Grass Valley looks to the future
Yesterday D.W. Leitner and I had a meeting with Thomson Grass Valley. We chatted with Mike Wolschon, director of strategic marketing, about a broad range of the company’s current and future plans. The Viper Filmstream camera is coming into its own and exceeding expectations, according to Wolschon. The last year has seen important announcements related to the workflow of the high-end digital camera. DPX file import is now supported by Final Cut Pro, which Apple had shown us earlier in a testimonial by director David Fincher, who’s been working with the Viper on a recent project, Zodiac. Also, the Venom solid state recording device is now shipping—it promises to be a more manageable storage solution than what had been available previously.

About 18 months in gestation, the hard drive-based Inifinity camera is now a deliverable product. Wolschon noted that this is a significant new initiative for the company, which had never before brought out a camera near Inifinity’s price point (about $25K). Leitner pressed him on Thomson’s plans for introducing an even lower-cost camcorder—HDV perhaps—and Wolschon replied, “Ruling out the palm camcorder market would be a foolish thing to do.” Quoting statistics he heard from Larry Thorpe of Canon at the HPA Retreat, Wolschon said that there are about 150,000 HDV camcorders in the field currently.

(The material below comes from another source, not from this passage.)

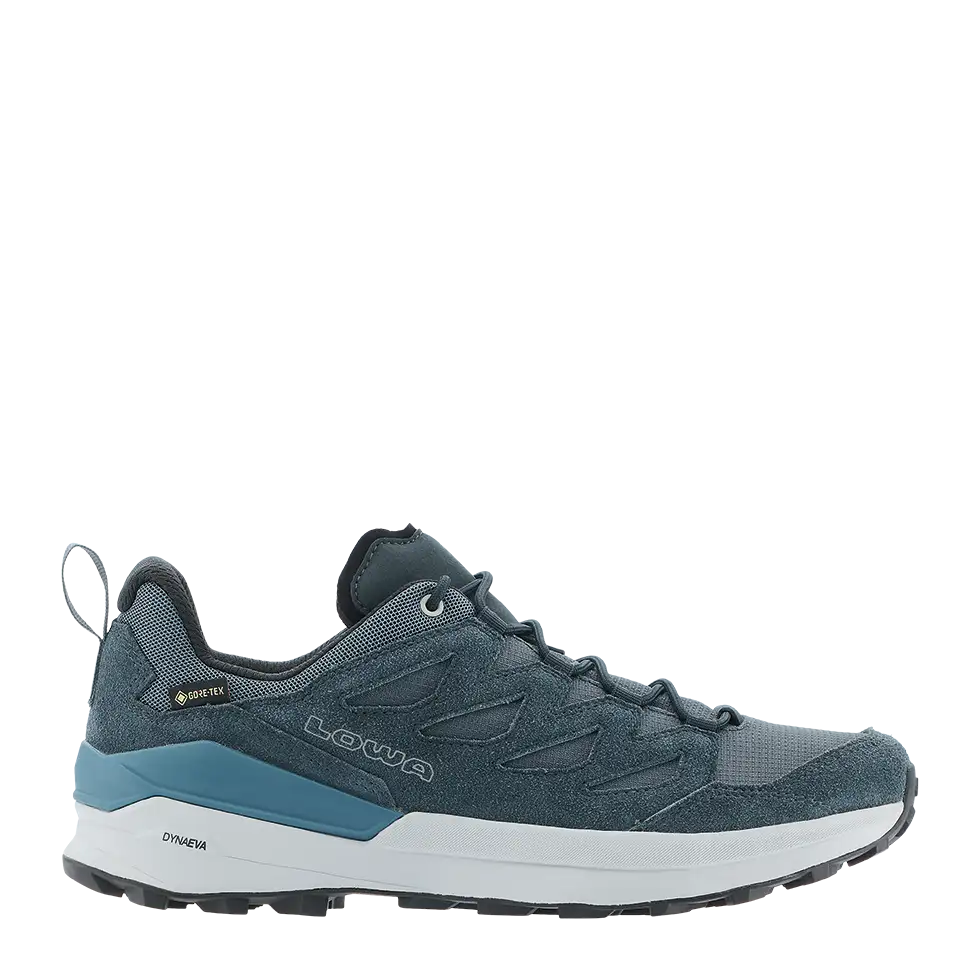 LOWA TETONIX GTX LO men's hiking shoe in navy/grey, side profile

Wolschon also spoke to the recent Canopus acquisition and what that means for the Pro AV space, which Grass Valley entered a couple years ago with the VTR-like Turbo iDDR, designed for flexible audiovisual presentations. With Canopus, Thomson gains valuable engineering assets in the realm of nonlinear editing, format conversion, and compression codecs—all key for developing a comprehensive line of products for Pro AV applications.